A long silence, then, "Mephistopheles, are you having nightmares?"
"What's it to you?" I mutter, sighing a little.
"About hell?" He asks, really gently.
"Yeah, about hell," I sigh.
"So why do I help?" He asks, quietly.
"Because you're not from hell," I say, tracing the curve of a lock of hair on his cheek, just past his ear. He tugs off his headlight and sets down the book, a bit confused:
"That's it?"
"I don't know. I'm finding out."
He rolls over a little bit so he faces me, sweatshirt shifting soft against the cotton sheets.
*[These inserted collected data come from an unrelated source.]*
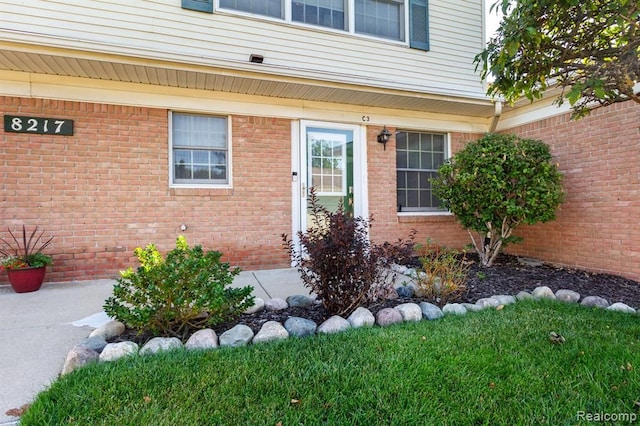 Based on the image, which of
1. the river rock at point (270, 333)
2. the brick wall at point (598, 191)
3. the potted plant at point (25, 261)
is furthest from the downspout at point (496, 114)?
the potted plant at point (25, 261)

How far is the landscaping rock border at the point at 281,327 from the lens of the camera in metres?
2.33

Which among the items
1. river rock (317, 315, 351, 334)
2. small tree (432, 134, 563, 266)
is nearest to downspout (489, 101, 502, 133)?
small tree (432, 134, 563, 266)

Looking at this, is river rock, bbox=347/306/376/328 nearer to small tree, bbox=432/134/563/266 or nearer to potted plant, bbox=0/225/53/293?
small tree, bbox=432/134/563/266

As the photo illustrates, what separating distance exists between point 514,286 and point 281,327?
10.5 ft

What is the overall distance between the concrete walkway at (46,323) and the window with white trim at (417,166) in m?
2.84

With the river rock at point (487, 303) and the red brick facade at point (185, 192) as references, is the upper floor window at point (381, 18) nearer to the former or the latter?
the red brick facade at point (185, 192)

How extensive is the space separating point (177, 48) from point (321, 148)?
104 inches

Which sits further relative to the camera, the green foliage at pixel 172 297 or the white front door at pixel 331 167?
the white front door at pixel 331 167

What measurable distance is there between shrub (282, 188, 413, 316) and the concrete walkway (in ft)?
3.65

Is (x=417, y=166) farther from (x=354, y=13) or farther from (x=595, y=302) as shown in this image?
(x=595, y=302)

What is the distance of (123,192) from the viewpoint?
4840 mm

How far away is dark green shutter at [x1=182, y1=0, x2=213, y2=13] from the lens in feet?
15.5

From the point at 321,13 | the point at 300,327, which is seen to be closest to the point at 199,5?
the point at 321,13

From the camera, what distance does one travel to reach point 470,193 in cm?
521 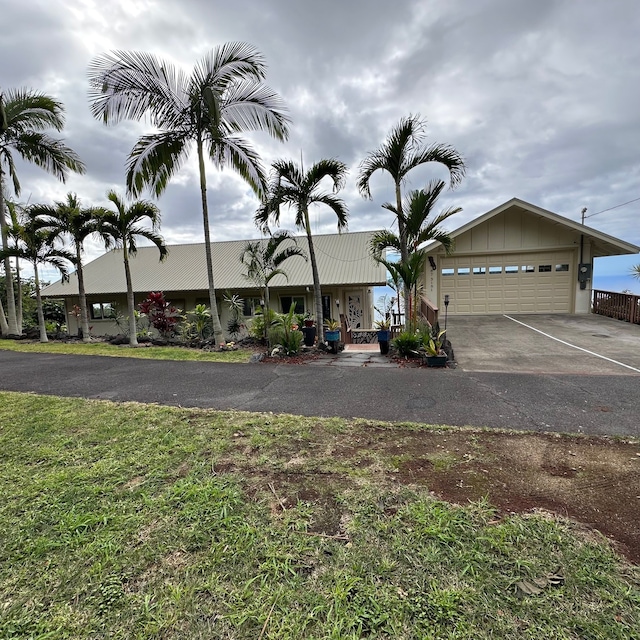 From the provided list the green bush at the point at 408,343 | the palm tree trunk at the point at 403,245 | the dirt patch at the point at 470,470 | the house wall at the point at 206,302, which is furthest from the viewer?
the house wall at the point at 206,302

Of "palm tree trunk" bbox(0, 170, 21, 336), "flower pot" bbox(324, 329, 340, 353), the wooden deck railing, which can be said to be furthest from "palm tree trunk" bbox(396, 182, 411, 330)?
"palm tree trunk" bbox(0, 170, 21, 336)

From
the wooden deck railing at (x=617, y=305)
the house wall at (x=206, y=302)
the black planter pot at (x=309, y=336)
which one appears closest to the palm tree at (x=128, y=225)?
the house wall at (x=206, y=302)

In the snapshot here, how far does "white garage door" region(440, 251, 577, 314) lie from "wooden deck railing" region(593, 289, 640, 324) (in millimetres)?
879

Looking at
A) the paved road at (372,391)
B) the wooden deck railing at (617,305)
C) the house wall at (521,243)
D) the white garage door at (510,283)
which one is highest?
the house wall at (521,243)

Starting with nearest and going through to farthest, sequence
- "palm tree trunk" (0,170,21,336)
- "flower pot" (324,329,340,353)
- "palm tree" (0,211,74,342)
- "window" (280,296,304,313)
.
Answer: "flower pot" (324,329,340,353) → "palm tree" (0,211,74,342) → "palm tree trunk" (0,170,21,336) → "window" (280,296,304,313)

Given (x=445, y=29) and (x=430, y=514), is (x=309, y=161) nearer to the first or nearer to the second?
(x=445, y=29)

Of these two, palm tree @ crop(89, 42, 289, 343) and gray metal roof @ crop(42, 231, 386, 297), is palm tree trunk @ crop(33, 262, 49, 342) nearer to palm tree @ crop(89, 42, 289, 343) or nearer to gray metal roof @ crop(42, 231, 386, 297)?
gray metal roof @ crop(42, 231, 386, 297)

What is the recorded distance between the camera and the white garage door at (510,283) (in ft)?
43.5

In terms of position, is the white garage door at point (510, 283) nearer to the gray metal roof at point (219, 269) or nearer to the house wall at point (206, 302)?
the gray metal roof at point (219, 269)

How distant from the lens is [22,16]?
6531 millimetres

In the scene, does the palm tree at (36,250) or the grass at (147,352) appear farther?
the palm tree at (36,250)

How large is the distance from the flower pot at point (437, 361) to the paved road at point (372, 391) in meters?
0.35

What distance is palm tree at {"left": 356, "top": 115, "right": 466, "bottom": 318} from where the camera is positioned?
7.90 metres

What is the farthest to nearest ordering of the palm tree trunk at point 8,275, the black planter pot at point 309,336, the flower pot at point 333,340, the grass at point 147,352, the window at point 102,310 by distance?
the window at point 102,310, the palm tree trunk at point 8,275, the black planter pot at point 309,336, the flower pot at point 333,340, the grass at point 147,352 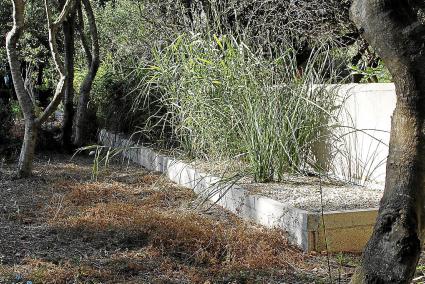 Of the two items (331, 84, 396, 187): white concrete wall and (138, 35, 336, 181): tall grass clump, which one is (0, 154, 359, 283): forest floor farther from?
(331, 84, 396, 187): white concrete wall

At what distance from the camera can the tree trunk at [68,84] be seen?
9477 millimetres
He tips his forehead against mine to look into my eyes, placing his fingers on my cheeks, "I like these eyes best."
"Good," I say, almost smiling, "They're real."
"You're not real though," he says, really quietly, fingers still on my cheeks.
"Yeah I am," I sigh, quietly, can't you see I'm a broken boy, not so different from you?
"That can't be true."
"Why can't it? Why can't I be real?" I ask, softly, "I could exist. Maybe I'm not a demon, or a devil. Maybe I'm just a boy. Who's very very lost."
"You can't be."
"Why not?" I sigh.
"You wouldn't stay otherwise. Nobody ever does. When I blew off my leg the first night in the hospital I heard my mother crying. She told the nurses she was going home. She couldn't deal with me anymore. They could call her if I got worse. My father was at home dealing with the damage from the fire. And nobody stayed. Nobody's ever stayed. Or cared about me. So you can't be real. You must be something else. Because I'm horrible to you, I'm mean and I'm completely me and I don't even try to hide it. And you're still here," he says, softly.
"That's—," the saddest thing I've ever heard. He genuinely does not believe that a real living person would choose to spend time with him. "Okay, well, whatever I am. I'm very real. And I'm not leaving you."
He kisses my lips, like I'm his secret drug. He digs his hands into the back of my head, cold fingers on my skull. When he realizes I'm not kissing him back he stops, just pressing his face against mine.
"What?" He asks, frowning.
"Nothing, that was all I needed," I say, rubbing his cheek with my thumb. Then I kiss him back softly, he accepts like being given forbidden fruit, he wants it yet he dares not. But he does anyway, giving in to my strong arms as they tug him to me.
"I'm broken," he mutters.
"I'm fucking shattered. But we don't care," I say, pressing my face into his neck. "I promise you, whatever it is I am, I'm here. And I'm not going anywhere."
"Okay," he says.
"Do you believe me?"
"I think I have to."
"Okay," I say, petting his hair out of my face, "Let me sleep here, yeah?"
"Yeah, do you care if I read my book?"
"No, I like that you read your book."
He rolls back over in the dark, sorting for his headlamp and his book. I shift back to lying in line with him, an arm draped around his chest and my face nestled in his hair. I close my eyes against the light of his headlamp, listening to the steady sound of his breathing and the roar of the ocean outside. And slowly I drop into a peaceful sleep.